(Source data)
▬▬▬
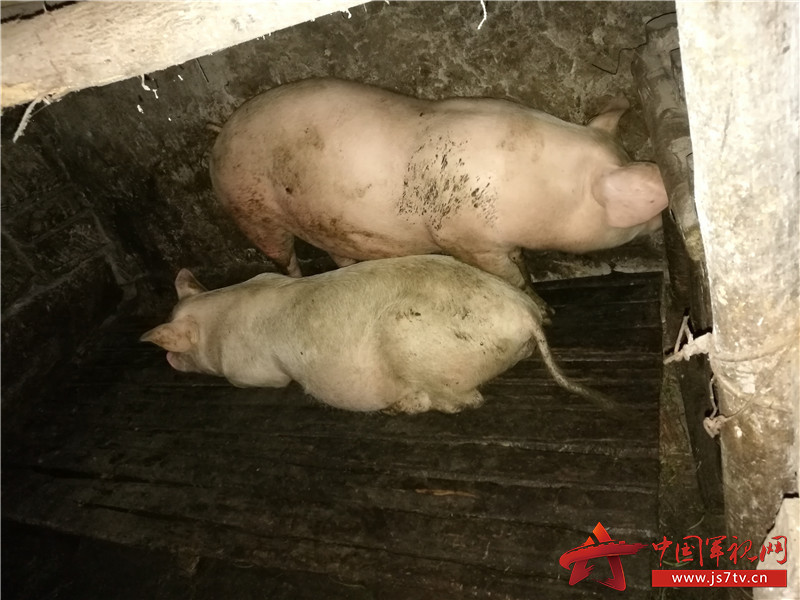 遂宁军分区官兵赴联系村 开展“走基层 送温暖”活动 遂宁军分区官兵赴联系村 开展“走基层 送温暖”活动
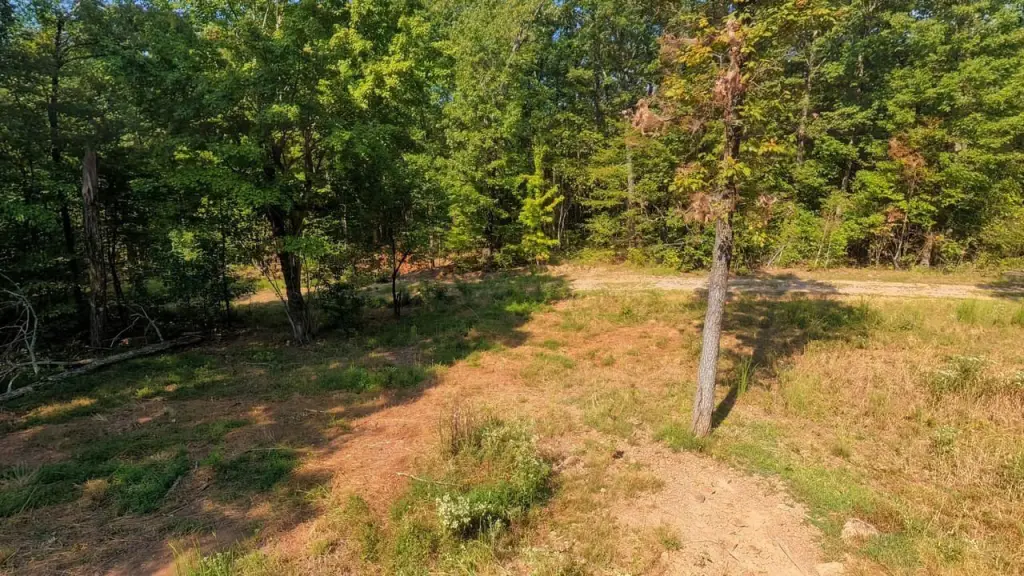 Picture 16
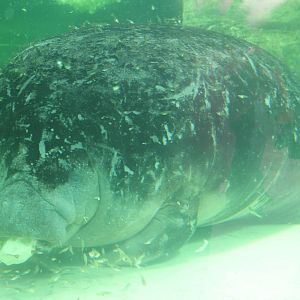Antillean manatee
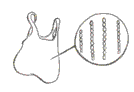 poly- illustration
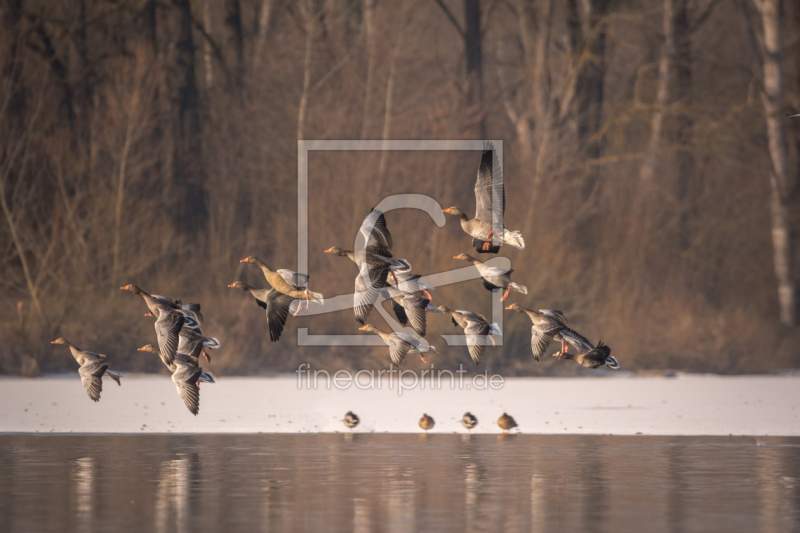 frei w&auml;hlbarer Bildausschnitt f&uuml;r Ihr Bild auf Untersetzer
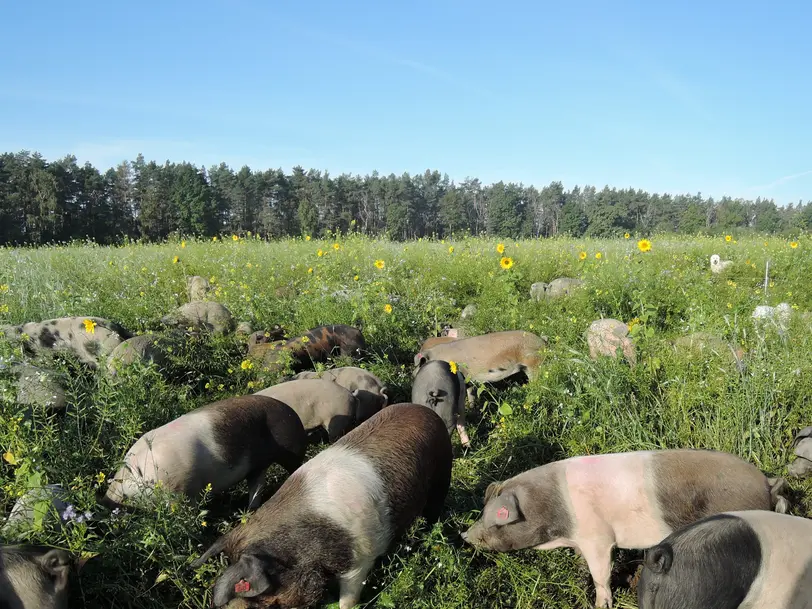 Kulmbacher Weideschwein, Freilandschweine in Kulmbach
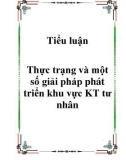 Tiểu luận Thực trạng và một số giải pháp phát triển khu vực KT tư nhân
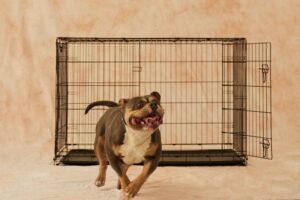 Dog in front of a dog crate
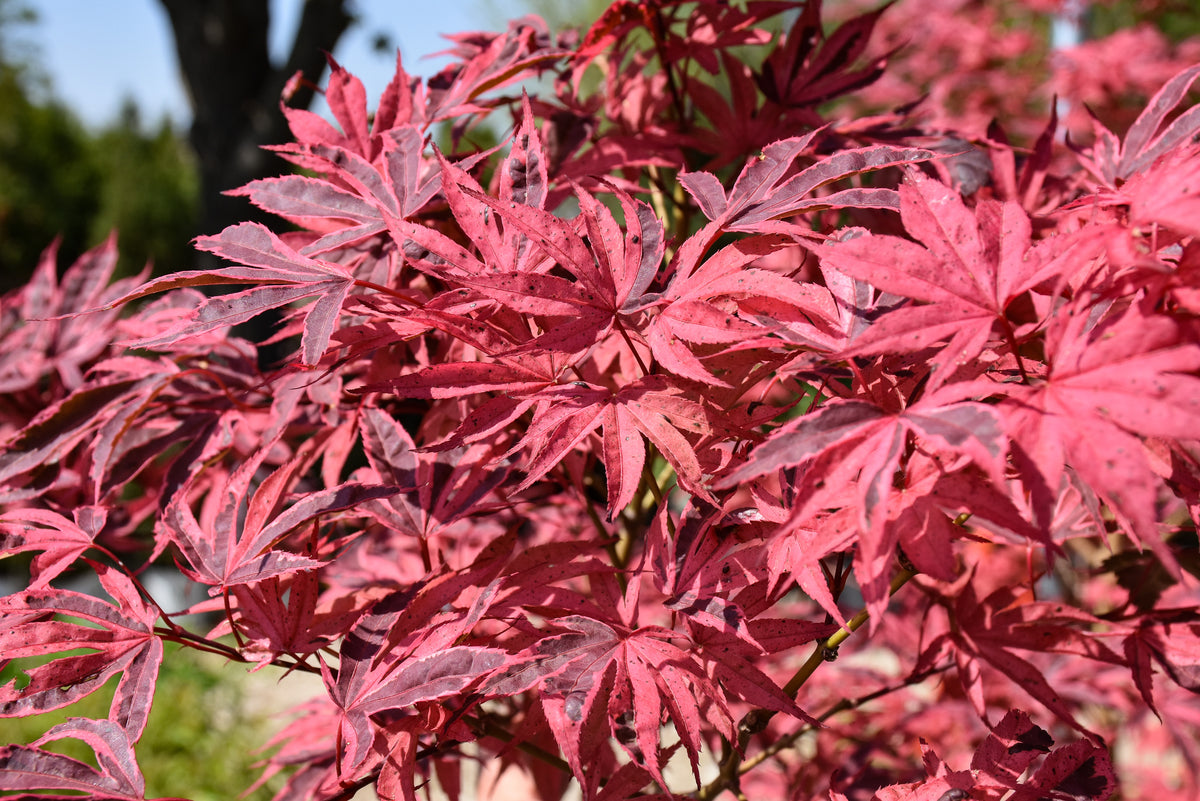 Maple-Shirazz 6C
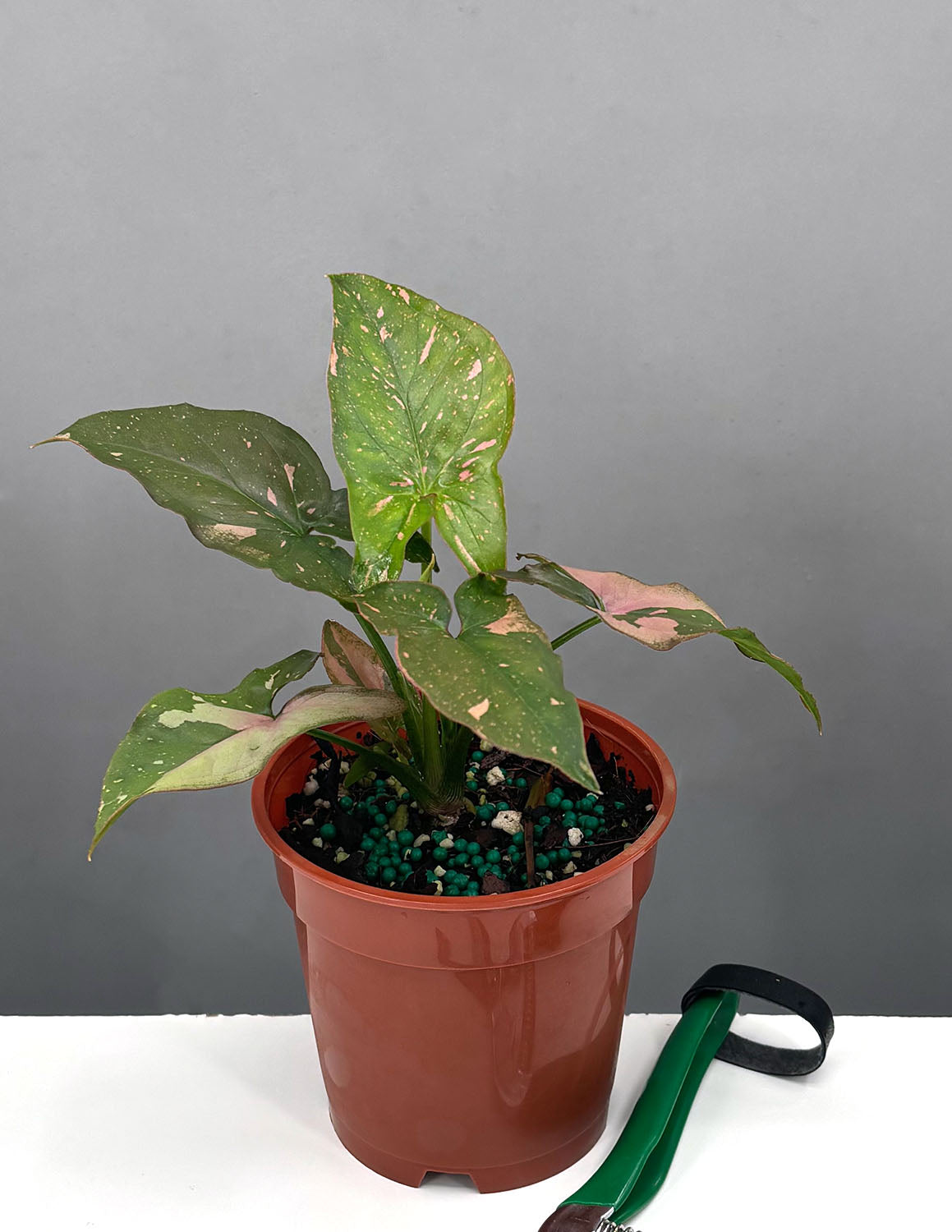 Variegated popular Syngonium Pink splash that looks like tricolor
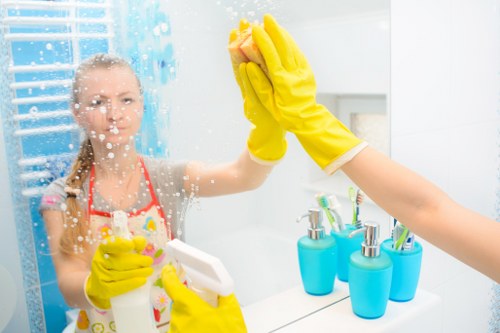 Kitchen and bathroom cleaning equipment ready for a domestic clean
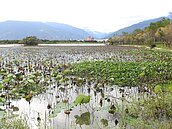 中央能量不足…濕地立法三年　基金沒編半毛錢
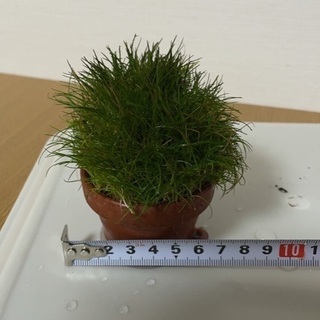 水草４点セット2000円 アヌビアスナナミニ他　淡水水槽に！流木付きの画像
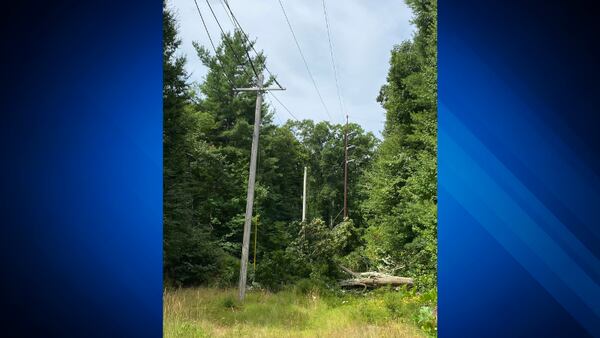 Downed tree to blame for townwide power outage in Stoughton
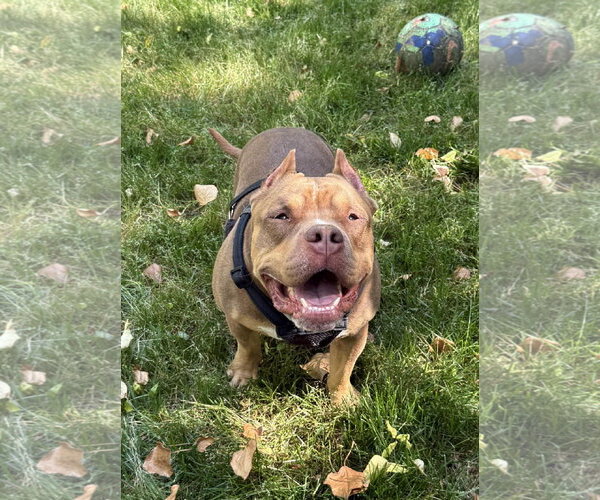 Medium Photo #3 American Staffordshire Terrier Puppy For Sale in Arlington, VA, USA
▬▬▬
Starting at the line that contains "Maple-Shirazz 6C" and ending at the final line of the data, reproduce each line exactly. Pictures stay out of the copy.

 Maple-Shirazz 6C
 Variegated popular Syngonium Pink splash that looks like tricolor
 Kitchen and bathroom cleaning equipment ready for a domestic clean
 中央能量不足…濕地立法三年　基金沒編半毛錢
 水草４点セット2000円 アヌビアスナナミニ他　淡水水槽に！流木付きの画像
 Downed tree to blame for townwide power outage in Stoughton
 Medium Photo #3 American Staffordshire Terrier Puppy For Sale in Arlington, VA, USA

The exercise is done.